Our June Cooking Club theme was an evening focused on the cuisine of Singapore. Singapore’s food culture is a reflection of their diverse culture of Chinese, Indian, Indonesian and English. This evenings meal allowed us to explore their complex and flavorful cuisine.
One of the dishes highlighted this evening was a dessert prepared by our friends and cooking club members Robert and Heidi. They used black rice, to prepare this rich tasting rice pudding. The rice has a strong nutty flavor, and is traditionally eaten by itself, and not combined with fruits. However, the grilled pineapple served along side this black rice pudding provided a mildly sweet contrast to the natural nutty flavor of the rice.

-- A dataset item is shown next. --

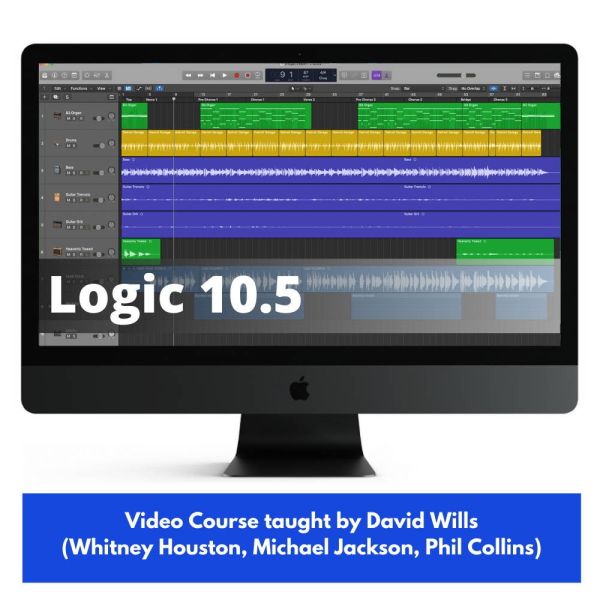 ProAudioEXP Logic 10.5 Video Training Course - Video-Schulung zur DAW-Software - Download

Two methods could be used to prepare the rice. In this version the boiled method was used. To enhance the depth of flavor additional sugar and cardamom was added to the rice.
Black Sticky Rice Pudding
Recipe compliments of Robert and Heidi Butler
2 cups whole-grain black sticky rice, sweet rice or glutinous rice
2 cups, or 1 can, coconut milk
1/2 cup sugar
1 teaspoon cardamom (optional)
1/2 teaspoon salt
2 tablespoons toasted sesame seeds and/or toasted unsweetened shredded coconut (optional)
Mint leaves (optional)
Measure the rice into a bowl; run your fingers through the rice and check for any pebbles or other noticeable impurities. Rinse the rice a few times until the water clears. Cover with at least 2 inches of water and allow to soak 4 or more hours, or overnight. The grains will absorb water and grow in size.

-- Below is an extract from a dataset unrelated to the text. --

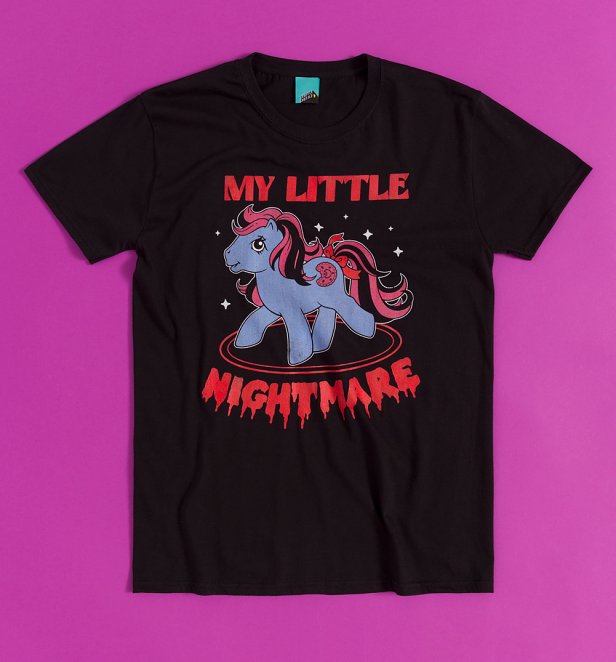My Little Pony Nightmare Black T-Shirt My Little Pony Nightmare Black T-Shirt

When ready to cook, drain the rice and place in a heat-proof bowl with room enough for the rice grains to expand about a third more than its uncooked bulk. Add a small amount of boiling water, just enough to barely cover the rice grains. Place the bowl on a steamer rack and steam over medium heat about 30 to 40 minutes. If you do not have a steamer, use a large pot in which the bowl fits. Place trivet on the bottom along with 2-3 inches of water. bring to a boil. Balance the bowl with the rice on the trivet and add hot water to the rice. Cover and steam. Steaming the rice with a small volume of water will leave the top layer of grains intact, retaining a chewy texture which pops in your mouth like nuts. If you wish the rice to be softer, add more water to the rice.
While the rice is steaming, make the coconut sauce by heating the coconut milk, sugar, cardamom and salt together in a saucepan. Stir to dissolve the sugar and salt and blend the sauce until smooth. Keep warm.

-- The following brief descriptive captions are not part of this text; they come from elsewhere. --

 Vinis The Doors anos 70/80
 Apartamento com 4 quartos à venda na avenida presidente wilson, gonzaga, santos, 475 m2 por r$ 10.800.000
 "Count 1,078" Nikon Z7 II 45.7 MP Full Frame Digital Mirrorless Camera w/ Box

When the rice is cooked and while still hot, add about half of the sauce or enough to throughly coat the rice. Stir and mix well. The rice should be wet but not swimming in sauce. Let stand 15-20 minutes to allow for flavorings to be absorbed. Reserve the remaining sauce for spooning over the rice before serving.
For a wetter pudding like texture, the rice may alternatively be cooked by boiling, the same way as you would regular rice. Use 2-1/2 to 3 cups water to each cup of rice. Bring to a boil. Reduce heat to simmer and cook partially covered until the grains are cooked and surrounded by a thick sauce, stirring occasionally to prevent sticking and burning. Add sugar to sweeten to your liking. Stir well, cover and place on the lowest heat setting for another 5-10 minutes. Make the sauce less sweet but more salty for contrast with the already sweetened rice. When ready to serve, dish the rice into individual serving bowls. Serve warm or at room temperature.